Topping the list is visual media firm Getty Images Holdings Inc. (NYSE:GETY), which was trading 16.2% up in Wednesday’s early trade. While there is no company-specific news that can explain the upswing, Ronald Josey of Citigroup (NYSE:C) recently initiated coverage on the stock with a Hold rating and a price target of $33 (20% upside potential).

Luxury department store chain operator Nordstrom, Inc. (NYSE:JWN) was down 14.2% at the time of writing after it revised its Fiscal Year 2022 guidance. The Seattle-headquartered company expects adjusted EPS to range from $2.30 to $2.60, compared to the earlier projection of $3.20 to $3.50. It has also reduced its Fiscal Year revenue growth forecast to 5%-7% from 6%-8% expected earlier. Nordstrom released its fiscal second-quarter results after the market closed on Tuesday.

Next on the list is Farfetch Ltd. (NYSE:FTCH), a U.K.-based online luxury fashion retail platform, which gained 13.5% in the pre-market session on Wednesday following the news that it would acquire a 47.5% stake in Swiss luxury goods retailer Richemont’s subsidiary YOOX Net-A-Porter (YNAP). The deal is expected to boost Farfetch’s watch and jewelry offerings.

Texas-based Academy Sports and Outdoors Inc. (NASDAQ:ASO) jumped 9.4% before the bell. According to a recent SEC filing, Swiss National Bank increased its stake in the sporting goods retailer by 6.5% (12,200 shares) in the first quarter. The central bank of Switzerland now owns 198,600 ASO shares valued at $7.825 million.
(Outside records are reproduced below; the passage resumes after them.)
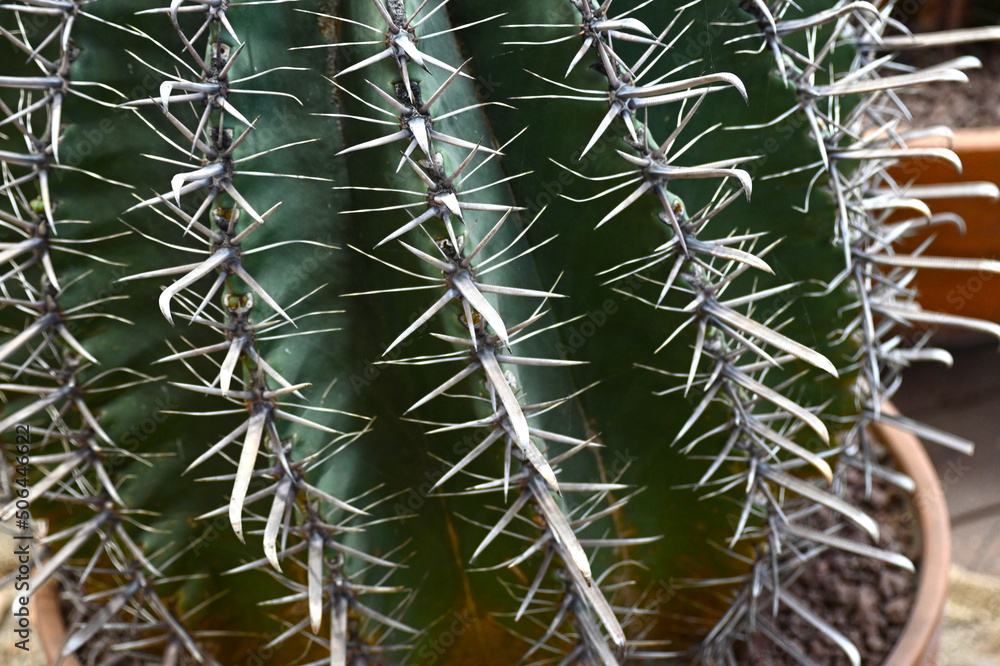 Giant prickly cactus. Trendy amazing cactus. Giant prickly cactus. Trendy amazing cactus.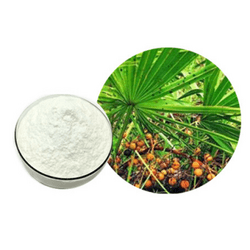 Saw Palmetto Extract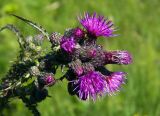 Cirsium palustre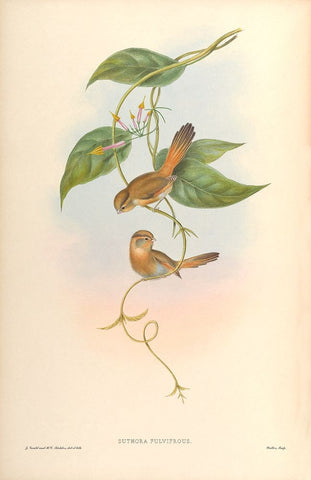 Suthora Fulvifrous Black Ornate Wood Framed Art Print with Double Matting by CAG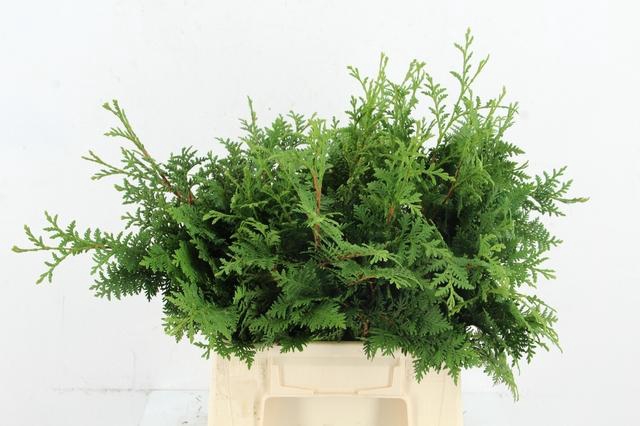 <h4>CONIFEER THUJA SPIRALIS PER BUNCH</h4>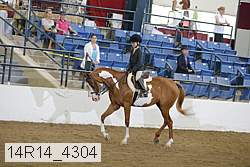 14r14_4304 proof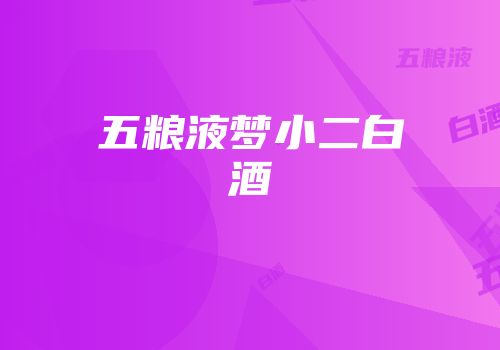 五粮液梦小二白酒
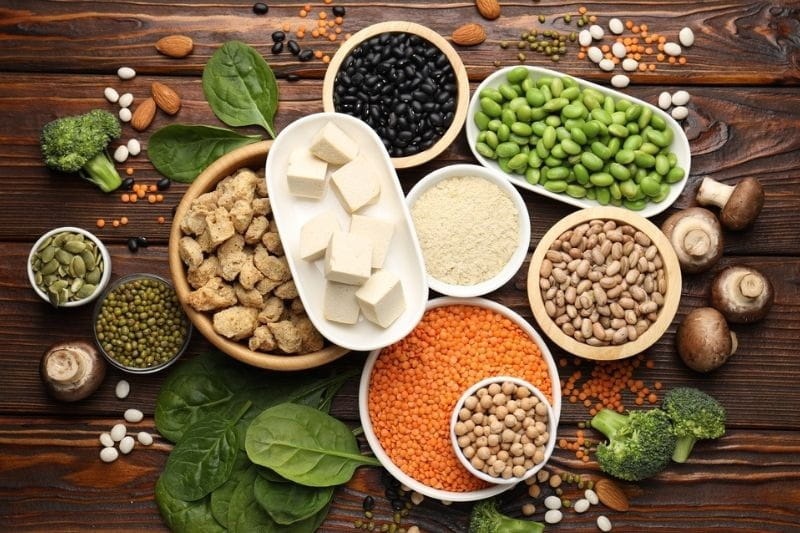 Proteína no envelhecimento é essencial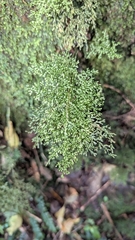 Hymenophyllum flexuosum (Hymenophyllum flexuosum)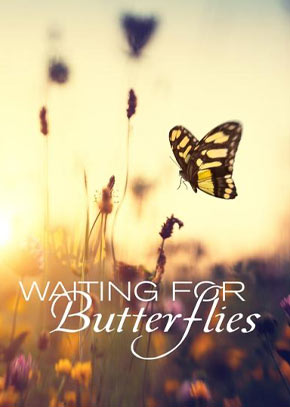 Waiting for Butterflies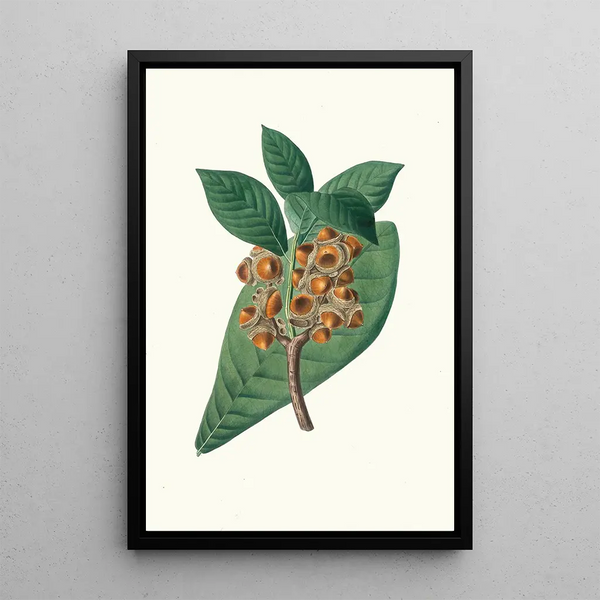Reproduktion av målningen av Quercus grandifolia magnoliaträd med stora blad - Aylmer Bourke Lambert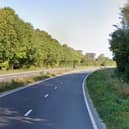 The crash took place on the A31 near Alton. Picture: Google Street View.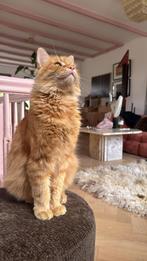 Siberische boskat langharig rood VERMIST Beloning voor vinde, Dieren en Toebehoren, Katten en Kittens | Raskatten | Langhaar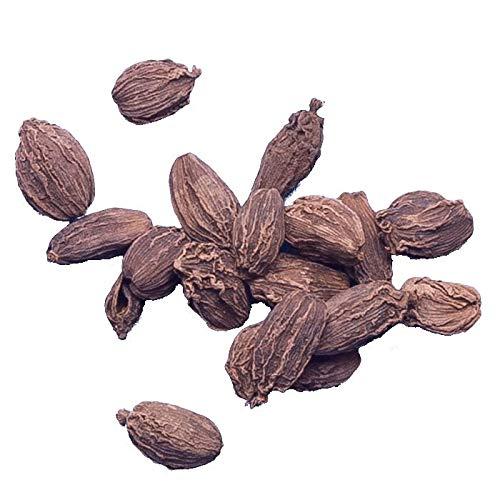 Nutrixia Food Black Cardamom/Amomum subulatum Roxb (50 Gms)
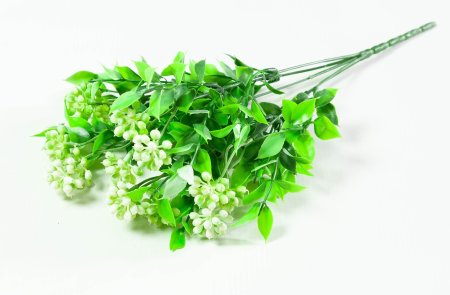 Скимия разноцветная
Finally, shares of GDS Holdings Ltd. (NASDAQ:GDS) surged 8.2% early Wednesday, riding on better-than-expected results for the second quarter of 2022. The China-based data center operator posted a loss of RMB0.27 per share, narrower than the Street’s expectation of RMB0.3681 a share. Revenue increased 24% year-over-year to RMB2.31 billion versus the consensus estimate of RMB2.28 billion.

Continue to watch this space for possible volatility upon the market open. Tomorrow, we’ll have another up-to-date piece on stock Pre-Market Movers…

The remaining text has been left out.